Study of Velcade and Irinotecan in Advanced Cervical, Vulvar, or Vaginal Cancer

Status:
Terminated
Trial end date:
2007-03-01
Target enrollment:
0
Participant gender:
Female
Summary
This study is conducting an evaluation of two chemotherapy drugs, Velcade and Irinotecan, in women with advanced, recurrent, or metastatic cervical cancer, vaginal cancer, or vulvar cancer. Patients with cervical cancer may have received a platinum-containing treatment as systemic therapy without radiation, but is not required.
Phase:
Phase 2
Accepts Healthy Volunteers?
No
Details
Lead Sponsor:
Women and Infants Hospital of Rhode Island
Collaborator:
Millennium Pharmaceuticals, Inc.
Treatments:
Bortezomib
Camptothecin
Irinotecan
Criteria
Inclusion Criteria

- Voluntary written informed consent before performance of any study-related procedure
not part of normal medical care, with the understanding that consent may be withdrawn
by the subject at any time without prejudice to future medical care.

- Female subject is either post-menopausal or surgically sterilized or willing to use an
acceptable method of birth control (ie, a hormonal contraceptive, intra-uterine
device, diaphragm with spermicide, condom with spermicide, or abstinence) for the
duration of the study.

- age > 18

- Karnofsky performance status > 60%

- Measurable disease on clinical exam or by RECIST criteria

- One prior platinum-based systemic chemotherapy regimen for advanced disease is allowed
but not required. Chemotherapy administered as a radiosensitizer in conjunction with
primary radiotherapy is not considered a systemic chemotherapy regimen and is also
allowed. Patients eligible for a higher priority study will be excluded.

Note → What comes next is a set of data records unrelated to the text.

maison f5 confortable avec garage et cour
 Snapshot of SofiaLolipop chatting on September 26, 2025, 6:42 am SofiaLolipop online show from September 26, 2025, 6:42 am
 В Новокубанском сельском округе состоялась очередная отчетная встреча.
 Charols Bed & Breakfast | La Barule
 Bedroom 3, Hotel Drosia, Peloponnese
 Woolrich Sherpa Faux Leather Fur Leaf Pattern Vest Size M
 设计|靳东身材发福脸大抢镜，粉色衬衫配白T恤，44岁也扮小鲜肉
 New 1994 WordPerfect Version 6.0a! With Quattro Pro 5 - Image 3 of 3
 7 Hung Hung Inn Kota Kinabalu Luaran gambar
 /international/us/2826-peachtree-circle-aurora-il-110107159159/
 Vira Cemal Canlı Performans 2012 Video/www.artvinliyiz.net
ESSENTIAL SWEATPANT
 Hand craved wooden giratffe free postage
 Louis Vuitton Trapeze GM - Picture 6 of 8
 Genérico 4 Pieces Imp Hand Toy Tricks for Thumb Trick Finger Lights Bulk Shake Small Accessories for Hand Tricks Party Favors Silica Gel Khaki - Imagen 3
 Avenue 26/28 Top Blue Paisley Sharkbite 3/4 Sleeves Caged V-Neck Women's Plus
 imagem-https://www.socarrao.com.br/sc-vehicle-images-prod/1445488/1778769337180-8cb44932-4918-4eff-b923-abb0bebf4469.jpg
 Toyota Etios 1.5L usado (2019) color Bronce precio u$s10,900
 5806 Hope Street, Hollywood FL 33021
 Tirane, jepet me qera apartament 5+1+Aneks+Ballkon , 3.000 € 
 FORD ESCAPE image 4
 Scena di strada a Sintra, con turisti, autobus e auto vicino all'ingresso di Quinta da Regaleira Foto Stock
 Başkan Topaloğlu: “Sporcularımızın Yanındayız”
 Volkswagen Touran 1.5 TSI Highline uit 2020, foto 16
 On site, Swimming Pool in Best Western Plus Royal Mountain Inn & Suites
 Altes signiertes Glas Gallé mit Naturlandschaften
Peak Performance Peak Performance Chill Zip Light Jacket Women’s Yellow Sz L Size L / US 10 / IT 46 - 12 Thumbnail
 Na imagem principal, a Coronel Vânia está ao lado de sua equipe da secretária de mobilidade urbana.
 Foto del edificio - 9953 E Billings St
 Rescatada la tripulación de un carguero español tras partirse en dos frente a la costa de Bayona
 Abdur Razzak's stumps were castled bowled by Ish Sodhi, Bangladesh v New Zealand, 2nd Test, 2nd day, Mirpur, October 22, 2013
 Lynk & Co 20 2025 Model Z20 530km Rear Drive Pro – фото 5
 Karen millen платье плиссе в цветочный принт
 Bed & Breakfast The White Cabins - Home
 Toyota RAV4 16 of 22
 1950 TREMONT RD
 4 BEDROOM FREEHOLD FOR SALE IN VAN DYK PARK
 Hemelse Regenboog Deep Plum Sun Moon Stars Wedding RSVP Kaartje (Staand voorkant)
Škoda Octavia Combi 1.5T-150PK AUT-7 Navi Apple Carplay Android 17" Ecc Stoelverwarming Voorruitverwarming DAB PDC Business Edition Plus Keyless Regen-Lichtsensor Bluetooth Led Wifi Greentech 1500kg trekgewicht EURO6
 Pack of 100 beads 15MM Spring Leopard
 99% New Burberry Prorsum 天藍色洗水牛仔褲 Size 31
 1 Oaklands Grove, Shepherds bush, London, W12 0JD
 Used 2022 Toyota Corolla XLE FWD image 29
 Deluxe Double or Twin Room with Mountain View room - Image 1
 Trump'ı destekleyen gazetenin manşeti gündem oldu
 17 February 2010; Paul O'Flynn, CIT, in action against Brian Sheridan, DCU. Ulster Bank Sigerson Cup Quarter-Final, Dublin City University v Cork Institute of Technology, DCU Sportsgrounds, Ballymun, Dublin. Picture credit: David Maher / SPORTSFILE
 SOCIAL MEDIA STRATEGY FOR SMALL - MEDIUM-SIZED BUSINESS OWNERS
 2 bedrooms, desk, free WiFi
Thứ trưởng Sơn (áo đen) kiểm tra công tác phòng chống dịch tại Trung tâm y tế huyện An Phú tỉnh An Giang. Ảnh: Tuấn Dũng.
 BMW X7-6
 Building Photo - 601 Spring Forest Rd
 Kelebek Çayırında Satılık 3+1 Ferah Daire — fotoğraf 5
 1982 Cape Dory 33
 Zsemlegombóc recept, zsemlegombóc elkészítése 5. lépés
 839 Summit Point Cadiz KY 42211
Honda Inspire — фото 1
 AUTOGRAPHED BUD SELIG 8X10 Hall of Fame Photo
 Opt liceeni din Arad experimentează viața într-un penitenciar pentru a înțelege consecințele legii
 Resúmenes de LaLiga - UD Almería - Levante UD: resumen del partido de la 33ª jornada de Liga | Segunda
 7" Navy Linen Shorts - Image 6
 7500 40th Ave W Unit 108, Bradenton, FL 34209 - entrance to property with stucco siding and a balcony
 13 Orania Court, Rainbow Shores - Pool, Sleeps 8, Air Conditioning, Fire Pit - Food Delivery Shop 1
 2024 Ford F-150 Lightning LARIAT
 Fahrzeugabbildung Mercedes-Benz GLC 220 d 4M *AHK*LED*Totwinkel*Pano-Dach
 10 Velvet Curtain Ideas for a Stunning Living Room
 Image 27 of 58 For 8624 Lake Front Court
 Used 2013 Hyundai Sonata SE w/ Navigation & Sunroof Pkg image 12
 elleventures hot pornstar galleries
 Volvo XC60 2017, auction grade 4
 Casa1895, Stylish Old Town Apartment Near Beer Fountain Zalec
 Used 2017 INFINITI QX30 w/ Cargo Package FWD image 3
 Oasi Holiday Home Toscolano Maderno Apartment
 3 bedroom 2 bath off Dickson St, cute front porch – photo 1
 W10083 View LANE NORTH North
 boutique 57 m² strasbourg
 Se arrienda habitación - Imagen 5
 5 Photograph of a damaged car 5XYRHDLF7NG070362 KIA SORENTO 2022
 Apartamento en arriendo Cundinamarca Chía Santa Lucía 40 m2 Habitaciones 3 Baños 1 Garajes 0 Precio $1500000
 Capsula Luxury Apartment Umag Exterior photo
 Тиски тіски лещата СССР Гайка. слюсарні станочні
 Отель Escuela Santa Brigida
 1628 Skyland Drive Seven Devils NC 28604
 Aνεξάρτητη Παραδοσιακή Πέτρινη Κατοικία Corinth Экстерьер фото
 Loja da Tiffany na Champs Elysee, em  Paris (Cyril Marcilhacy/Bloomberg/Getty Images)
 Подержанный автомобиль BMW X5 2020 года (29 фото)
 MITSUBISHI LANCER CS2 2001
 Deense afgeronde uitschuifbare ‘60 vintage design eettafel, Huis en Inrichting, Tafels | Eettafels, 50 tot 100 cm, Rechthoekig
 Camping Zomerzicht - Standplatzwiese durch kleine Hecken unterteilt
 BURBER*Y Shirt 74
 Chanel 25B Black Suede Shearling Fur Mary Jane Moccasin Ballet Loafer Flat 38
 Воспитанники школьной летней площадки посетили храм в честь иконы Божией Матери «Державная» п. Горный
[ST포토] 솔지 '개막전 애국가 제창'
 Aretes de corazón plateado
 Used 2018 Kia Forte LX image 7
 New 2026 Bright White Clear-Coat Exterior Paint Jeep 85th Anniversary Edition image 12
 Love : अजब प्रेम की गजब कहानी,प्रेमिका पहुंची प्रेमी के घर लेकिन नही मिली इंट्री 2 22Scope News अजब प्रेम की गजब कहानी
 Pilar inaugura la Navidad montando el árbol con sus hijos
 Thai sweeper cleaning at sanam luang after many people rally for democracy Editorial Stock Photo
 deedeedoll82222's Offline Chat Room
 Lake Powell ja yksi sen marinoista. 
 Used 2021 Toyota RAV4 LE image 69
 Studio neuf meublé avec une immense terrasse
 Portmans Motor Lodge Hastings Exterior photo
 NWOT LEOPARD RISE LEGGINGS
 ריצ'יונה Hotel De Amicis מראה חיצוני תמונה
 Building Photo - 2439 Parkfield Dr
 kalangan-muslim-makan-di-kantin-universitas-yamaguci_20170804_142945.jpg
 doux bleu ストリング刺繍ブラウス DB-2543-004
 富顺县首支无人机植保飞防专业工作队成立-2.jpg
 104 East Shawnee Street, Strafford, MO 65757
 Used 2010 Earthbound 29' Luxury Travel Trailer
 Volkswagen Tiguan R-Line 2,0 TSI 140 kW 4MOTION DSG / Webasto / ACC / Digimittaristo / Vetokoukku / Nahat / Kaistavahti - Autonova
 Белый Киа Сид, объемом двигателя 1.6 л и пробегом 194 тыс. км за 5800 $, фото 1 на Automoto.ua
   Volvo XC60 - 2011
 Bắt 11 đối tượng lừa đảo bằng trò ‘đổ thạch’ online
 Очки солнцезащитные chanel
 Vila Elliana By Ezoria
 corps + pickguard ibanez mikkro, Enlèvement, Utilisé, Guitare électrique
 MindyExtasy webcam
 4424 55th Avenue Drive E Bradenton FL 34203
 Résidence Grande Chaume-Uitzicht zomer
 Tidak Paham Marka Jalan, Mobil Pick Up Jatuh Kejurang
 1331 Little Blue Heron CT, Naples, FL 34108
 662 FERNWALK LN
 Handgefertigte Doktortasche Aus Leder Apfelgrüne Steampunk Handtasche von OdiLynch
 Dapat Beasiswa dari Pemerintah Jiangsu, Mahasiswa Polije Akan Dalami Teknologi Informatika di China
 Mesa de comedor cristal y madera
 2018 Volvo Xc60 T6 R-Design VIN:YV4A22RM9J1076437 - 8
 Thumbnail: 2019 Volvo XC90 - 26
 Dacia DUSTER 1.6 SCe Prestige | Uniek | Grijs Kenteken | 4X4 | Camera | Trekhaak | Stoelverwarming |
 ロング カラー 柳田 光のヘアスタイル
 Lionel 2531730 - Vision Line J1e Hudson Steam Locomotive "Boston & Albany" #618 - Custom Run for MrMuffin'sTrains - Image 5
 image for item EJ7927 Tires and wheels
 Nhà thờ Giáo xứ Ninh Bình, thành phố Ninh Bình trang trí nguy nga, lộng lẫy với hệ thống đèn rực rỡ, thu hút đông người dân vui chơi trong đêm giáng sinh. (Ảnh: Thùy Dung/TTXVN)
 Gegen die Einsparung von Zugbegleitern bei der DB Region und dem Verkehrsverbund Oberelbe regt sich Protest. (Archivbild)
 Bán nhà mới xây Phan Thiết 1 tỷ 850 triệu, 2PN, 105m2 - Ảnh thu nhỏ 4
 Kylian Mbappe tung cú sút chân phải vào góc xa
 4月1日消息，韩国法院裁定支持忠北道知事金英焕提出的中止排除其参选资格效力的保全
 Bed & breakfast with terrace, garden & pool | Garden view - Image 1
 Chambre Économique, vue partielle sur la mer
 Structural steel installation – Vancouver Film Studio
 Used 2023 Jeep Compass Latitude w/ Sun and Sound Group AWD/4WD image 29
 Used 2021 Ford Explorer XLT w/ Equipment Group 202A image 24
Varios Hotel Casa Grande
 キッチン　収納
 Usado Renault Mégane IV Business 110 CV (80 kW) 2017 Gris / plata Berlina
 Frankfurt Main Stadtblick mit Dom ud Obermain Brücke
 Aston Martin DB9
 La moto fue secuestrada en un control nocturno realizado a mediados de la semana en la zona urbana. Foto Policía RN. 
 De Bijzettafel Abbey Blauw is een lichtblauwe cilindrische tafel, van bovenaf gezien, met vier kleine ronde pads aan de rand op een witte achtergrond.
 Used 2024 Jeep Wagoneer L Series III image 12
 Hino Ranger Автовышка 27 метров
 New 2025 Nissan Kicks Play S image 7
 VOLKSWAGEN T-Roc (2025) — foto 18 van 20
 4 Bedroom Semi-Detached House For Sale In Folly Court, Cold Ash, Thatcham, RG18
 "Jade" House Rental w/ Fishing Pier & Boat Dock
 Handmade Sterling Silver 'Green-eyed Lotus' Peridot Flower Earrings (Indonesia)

- Life expectancy > 6 weeks

- Peripheral neuropathy ≤ Grade 2 by CTC 3.0 criteria

- Women of child-bearing potential must have a negative pregnancy test

- Adequate hematopoietic function defined as: ANC ≥ 1500/mm3; Platelets ≥ 100,000/mm3;
Hemoglobin ≥ 8 g/dL.

- Adequate renal and hepatic function defined as: Bilirubin ≤ 1.5 times upper limit of
normal (ULN); SGOT ≤ 2.5 times ULN; Alkaline phosphatase ≤ 2.5 times ULN; Creatinine ≤
2 times ULN.

Exclusion Criteria

- Patient has hypersensitivity to bortezomib, boron or mannitol.

- Female subject is pregnant or breast-feeding.

- Patient has received other investigational drugs with 14 days before enrollment

- Serious medical or psychiatric illness likely to interfere with participation in this
clinical study.

- Prior treatment with CAMPTOSAR or VELCADE

- More than one prior treatment for metastatic disease.

- Concurrent uncontrolled illness

- Ongoing or active infection

- History or active secondary cancer within the last 5 years, except for superficial
basal cell skin cancers

- Psychiatric illness or social situation that would preclude study compliance.